Maryland condos: Under the Maryland Condominium Act, the association must issue a written cease and desist notice giving the owner 10 days to cure the violation. If the violation continues or if the same rule is violated again within a 12 month period, the association should schedule a hearing and give the owner written notice of the hearing. The notice must include the nature of the alleged violation, the time and place of the hearing -- at least 10 days after the notice, an invitation to attend the hearing and present evidence, and the proposed sanction to be imposed. The hearing should occur in executive session; that is, the hearing is not open to other owners. Finally, the minutes from the hearing should contain a written statement of the results and the sanction imposed, if any.
Maryland HOAs and DC condos: Neither the Maryland Homeowners Association Act nor the District of Columbia Condominium Act specifically requires a certain process to be followed prior to imposing fines. That said, we recommend that associations with the authority to impose fines and other penalties follow the process in the Maryland Condominium Act.

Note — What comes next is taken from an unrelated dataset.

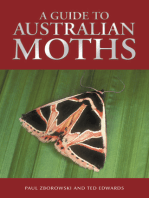 A Guide to Australian Moths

Montgomery County, MD: In Montgomery County, the Commission on Common Ownership Communities (“CCOC”) allows associations and owners to file Complaints arising from covenant violations with the CCOC. Before filing a complaint, the association or owner is required to have “exhausted its remedies”, meaning that the they have followed any process outlined in the association’s governing documents before turning to the CCOC for help. For associations, this means that the association must provide notice and a hearing before making a final decision (i.e., the process outlined in the Maryland Condominium Act set forth above), even if the governing documents don't actually require this. Once a final determination is made, the association can file a Complaint with the CCOC seeking enforcement of its decision. Please note that the Montgomery County Code imposes a duty on associations to notify owners in writing of their right to file a Complaint with the CCOC after an association determines that a dispute exists. Further, the association is not permitted to take any enforcement action against the owner for 14 days after it notifies the owner of its CCOC rights. Accordingly, in the letter notifying an owner of a Board’s decision after a due process hearing, the owner should be notified of his or her rights to file a Complaint with the CCOC. Please also note that if your association is located in Montgomery County, the Montgomery County Code requires the association to provide annual notification of the services available through the CCOC.

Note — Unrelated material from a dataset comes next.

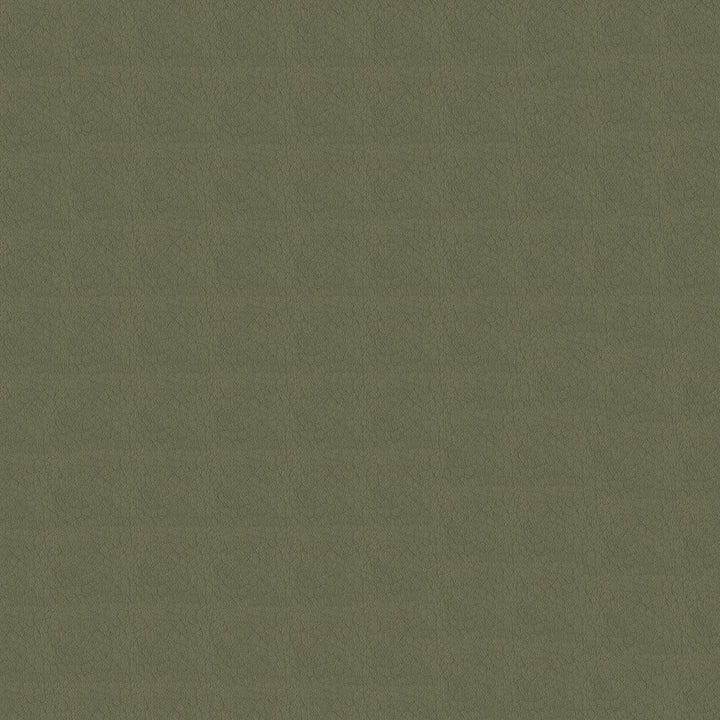 Whisper Vinyl 2120 Antelope by Softside Designer Fabric Vinyl/Urethane Topcoat Costa Rica 100,000 Double Rubs (Wyzenbeek) </p><p>Repeat: Horizontal: and Vertical: 54" (137 cm) - Swanky Fabrics -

All jurisdictions in Maryland and DC: If, after a hearing, the association determines a violation exists and the owner refuses to comply with the governing documents, the association may want to consider seeking injunctive relief from the appropriate court. This requires filing a Complaint with the Circuit Court in Maryland and the Superior Court in the District of Columbia. Because attorneys' fees can quickly add up in these actions, the violation should be serious enough to warrant judicial relief. (Although it should be noted that the Maryland Condominium Act allows the prevailing party in such an action to recover attorneys' fees, as do most governing documents for associations in Maryland and the District of Columbia. So if your board wins in court and the owner has the funds, your fees may be paid.) Prior to seeking injunctive relief, counsel should review the history and facts carefully with the association to ensure litigation is warranted.

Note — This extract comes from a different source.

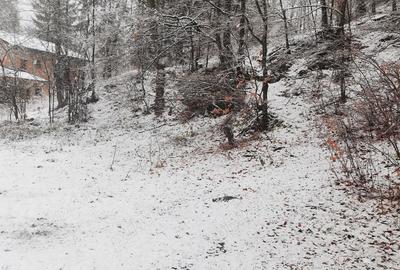 Teren de 4220 mp, în Bușteni - 6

Finally, associations should remember that the purpose of issuing fines and sanctions is to gain compliance and this power should not be used for punitive purposes. In addition to fines, other sanctions that may be available, depending on the authority contained in the governing documents, include suspension of voting rights or the right to use recreational facilities such as pools and gyms. Once compliance is obtained, owners’ rights to vote and use facilities should be restored.